# ACTION ITEM
Would you please copy the part of the material below that opens with the line containing "Luifel vrijstaand handmatig" and closes with the line containing "Электроемкость уединенного проводника"? Copy it exactly, and only it.

# DATA

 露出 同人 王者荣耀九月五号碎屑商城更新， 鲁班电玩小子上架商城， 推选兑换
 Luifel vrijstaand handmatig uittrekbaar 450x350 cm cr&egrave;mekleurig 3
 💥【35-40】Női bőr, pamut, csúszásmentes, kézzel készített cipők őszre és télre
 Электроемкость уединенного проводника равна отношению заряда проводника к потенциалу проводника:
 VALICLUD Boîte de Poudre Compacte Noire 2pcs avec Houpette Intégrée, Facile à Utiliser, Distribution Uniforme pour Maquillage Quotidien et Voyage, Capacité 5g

# TASK RESULT
 Luifel vrijstaand handmatig uittrekbaar 450x350 cm cr&egrave;mekleurig 3
 💥【35-40】Női bőr, pamut, csúszásmentes, kézzel készített cipők őszre és télre
 Электроемкость уединенного проводника равна отношению заряда проводника к потенциалу проводника:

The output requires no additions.